Reviewer 2 (Public review):

We thank the reviewer for the thoughtful and positive assessment of our work. We are pleased that the model development, empirical analyses, and presentation were found to be clear and rigorous. We appreciate the recognition that the continuous-time formulation meaningfully extends prior variability-partitioning approaches and enables a more precise characterization of how stimulus drive and internal gain dynamics evolve across temporal scales. We are also encouraged that the cross-area analyses and model comparisons were viewed as providing new insights and clear empirical improvements. Below, we address the specific suggestions raised by the reviewer.

Positioning relative to prior work: Regarding the comment on incremental contribution, we agree that our framework builds directly on earlier variability-partitioning approaches. Our goal was to extend these models to continuous time and to develop a principled inference framework capable of characterizing how gain dynamics evolve across temporal scales. We will further clarify this positioning in the revised manuscript.
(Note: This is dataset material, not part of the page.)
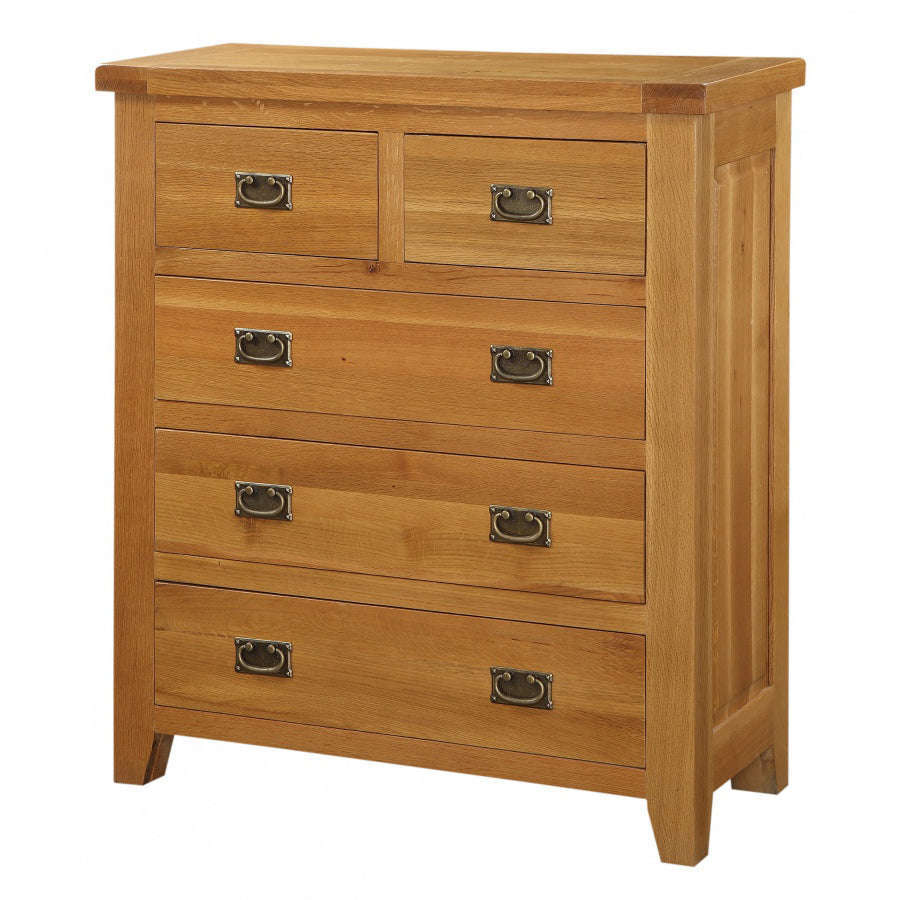 Ashpinoke:Acorn Solid Oak Chest 3+2,Chests and Drawers,Heartlands Furniture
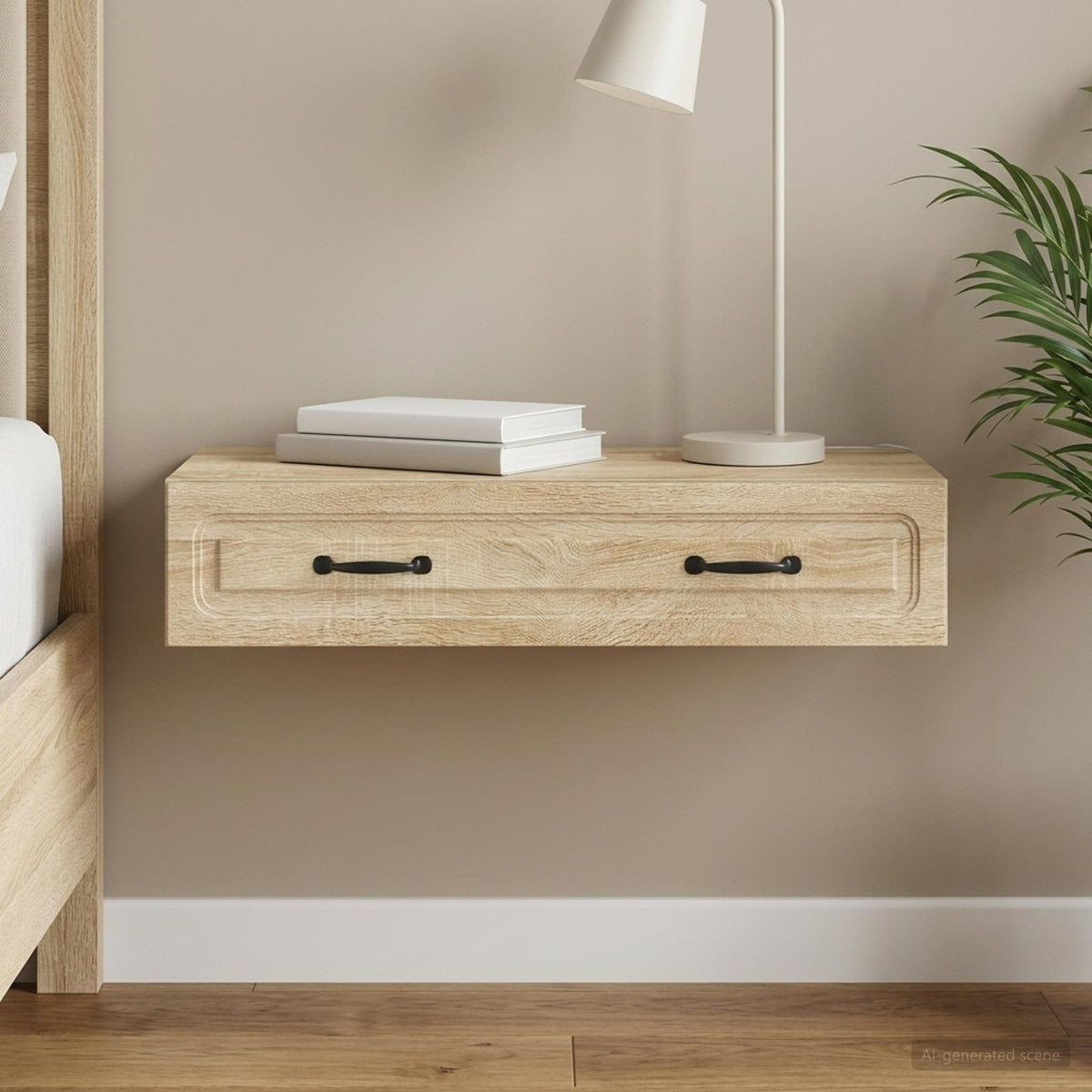Vidaxl wandmontage zijtafel sonoma eiken 87,5 x 34,5 x 17 cm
Extension to sub-Poisson variability: We thank the reviewer for this suggestion. We agree that sub-Poisson variability is an important phenomenon observed in neural data. Because the CMP model builds on a Poisson observation model with stochastic gain modulation, it naturally captures Poisson and super-Poisson variability but cannot generate sub-Poisson spike count statistics in its existing form. We will clarify this limitation in the revised manuscript and expand the Discussion to outline potential extensions that could address sub-Poisson variability, such as incorporating spike-history effects, renewal-process models, or alternative count distributions.